DATASET CONTENT
• • •

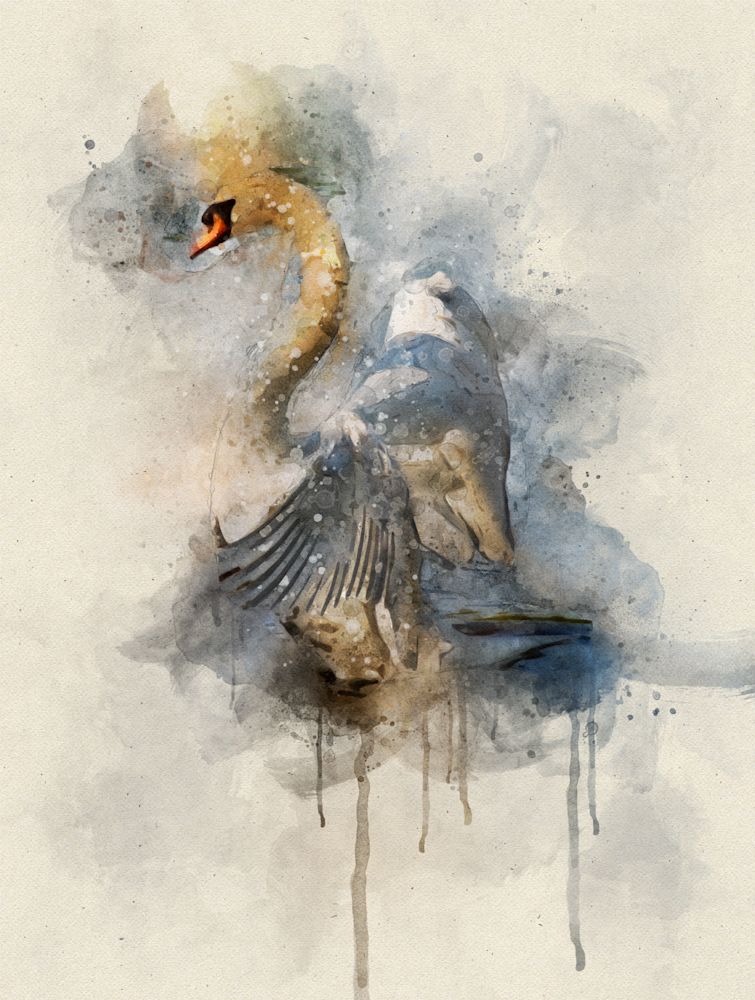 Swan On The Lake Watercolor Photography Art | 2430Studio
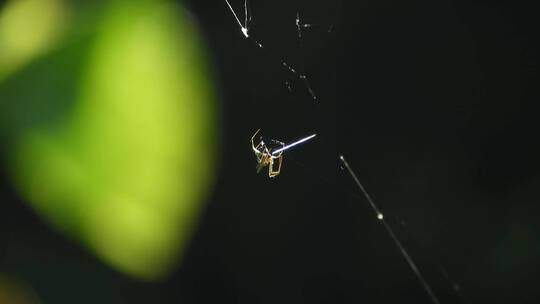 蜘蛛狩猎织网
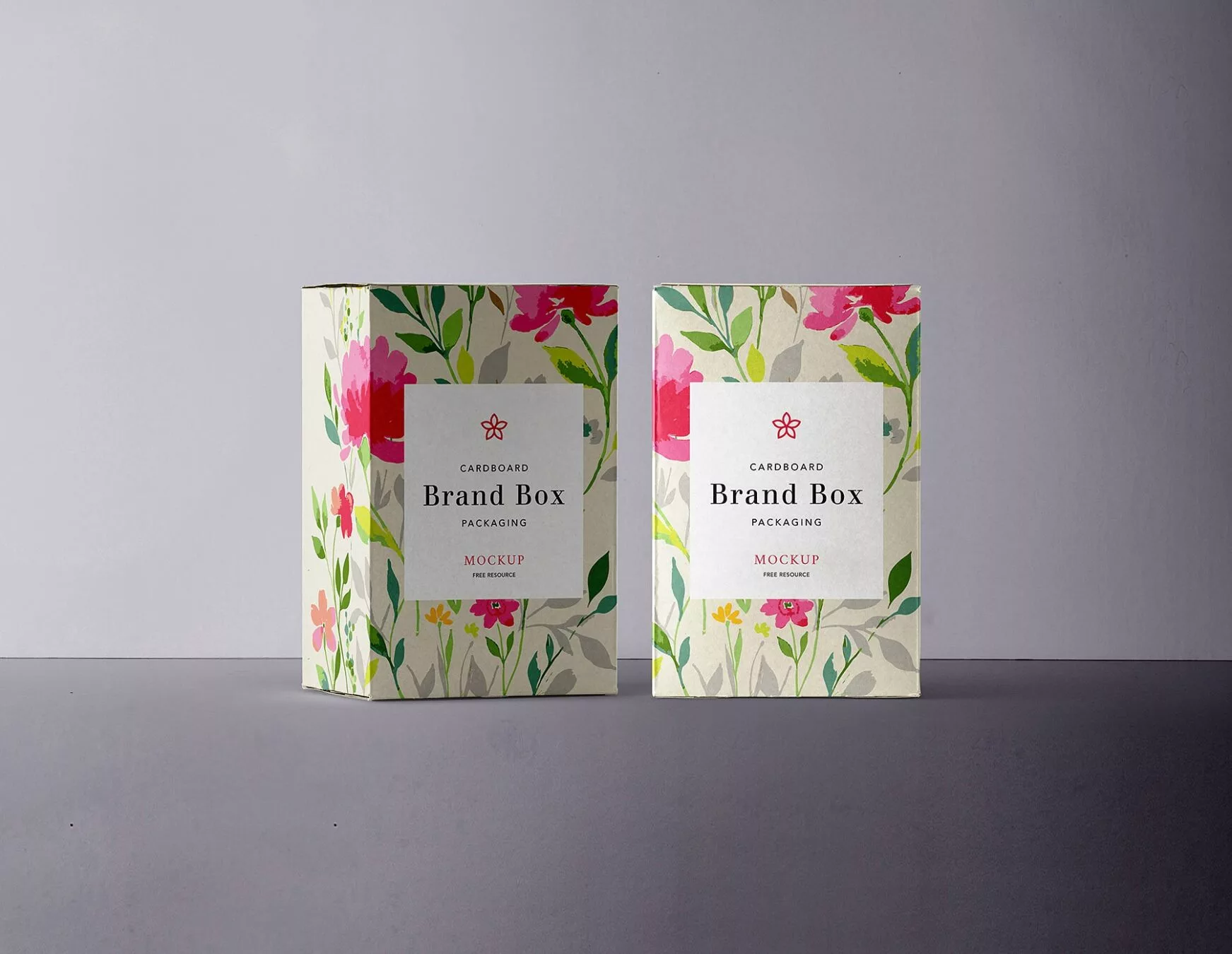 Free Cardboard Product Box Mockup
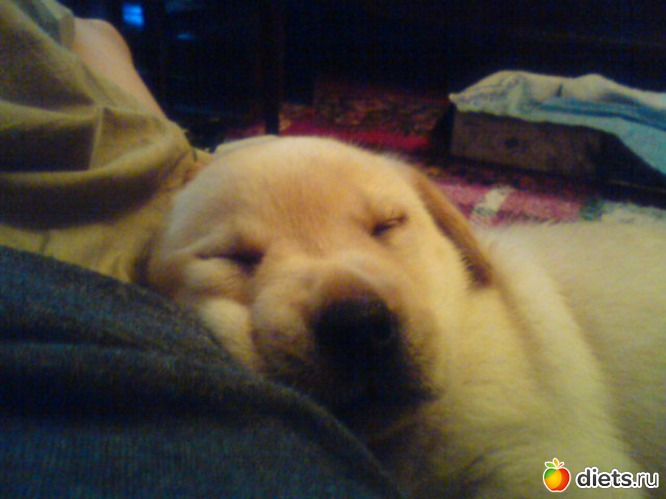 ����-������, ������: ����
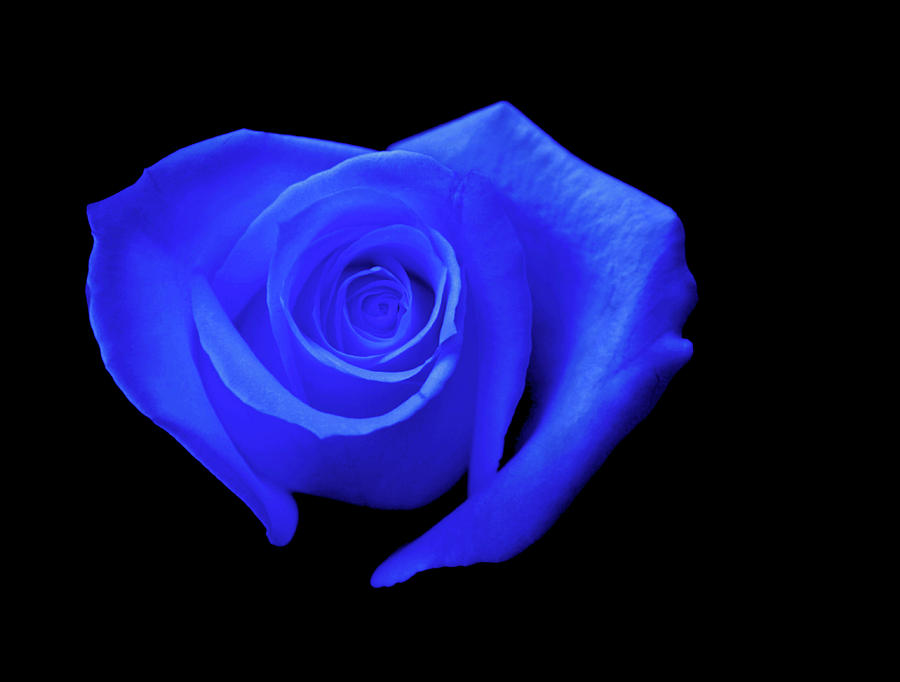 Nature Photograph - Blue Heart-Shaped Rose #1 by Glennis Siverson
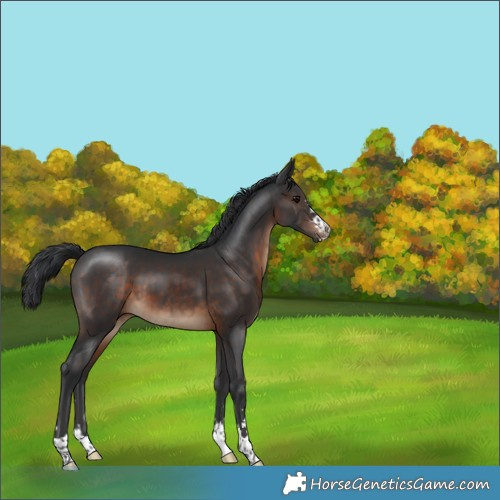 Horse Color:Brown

• • •

REQUIRED WORK
Retype the data above as given, letting no picture into the copy.

YOUR SOLUTION
 Swan On The Lake Watercolor Photography Art | 2430Studio
 蜘蛛狩猎织网
 Free Cardboard Product Box Mockup
 ����-������, ������: ����
 Nature Photograph - Blue Heart-Shaped Rose #1 by Glennis Siverson
 Horse Color:Brown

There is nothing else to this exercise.